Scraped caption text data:
=-=-=
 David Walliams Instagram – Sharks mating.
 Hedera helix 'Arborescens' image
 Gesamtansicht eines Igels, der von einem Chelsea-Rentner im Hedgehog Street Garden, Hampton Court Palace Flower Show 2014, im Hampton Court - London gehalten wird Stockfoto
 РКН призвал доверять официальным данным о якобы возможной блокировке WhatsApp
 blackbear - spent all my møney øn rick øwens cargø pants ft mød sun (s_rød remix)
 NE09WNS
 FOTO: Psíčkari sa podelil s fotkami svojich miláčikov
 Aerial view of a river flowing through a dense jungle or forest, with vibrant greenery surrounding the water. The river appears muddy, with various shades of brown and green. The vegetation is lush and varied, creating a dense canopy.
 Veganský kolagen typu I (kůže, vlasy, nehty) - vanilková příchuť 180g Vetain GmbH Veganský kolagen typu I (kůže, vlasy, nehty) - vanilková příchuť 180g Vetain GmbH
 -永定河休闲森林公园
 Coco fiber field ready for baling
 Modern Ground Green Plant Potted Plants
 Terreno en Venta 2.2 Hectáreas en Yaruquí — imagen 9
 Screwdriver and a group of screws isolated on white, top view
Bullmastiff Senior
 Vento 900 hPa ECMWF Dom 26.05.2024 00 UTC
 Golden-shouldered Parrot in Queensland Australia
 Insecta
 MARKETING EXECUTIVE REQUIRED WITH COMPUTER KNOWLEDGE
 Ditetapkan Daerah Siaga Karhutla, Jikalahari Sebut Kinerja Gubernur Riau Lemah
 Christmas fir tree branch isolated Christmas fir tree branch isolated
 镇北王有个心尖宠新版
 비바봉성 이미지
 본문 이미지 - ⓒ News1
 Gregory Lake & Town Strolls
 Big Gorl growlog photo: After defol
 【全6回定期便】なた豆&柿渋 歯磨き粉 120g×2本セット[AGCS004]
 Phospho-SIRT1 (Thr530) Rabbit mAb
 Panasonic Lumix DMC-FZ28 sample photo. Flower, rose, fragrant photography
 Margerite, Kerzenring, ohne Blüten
=-=-=
Exercise directions
Scan the entries above, and wherever a line holds the string "Flower", copy it.

Exercise output
 Gesamtansicht eines Igels, der von einem Chelsea-Rentner im Hedgehog Street Garden, Hampton Court Palace Flower Show 2014, im Hampton Court - London gehalten wird Stockfoto
 Panasonic Lumix DMC-FZ28 sample photo. Flower, rose, fragrant photography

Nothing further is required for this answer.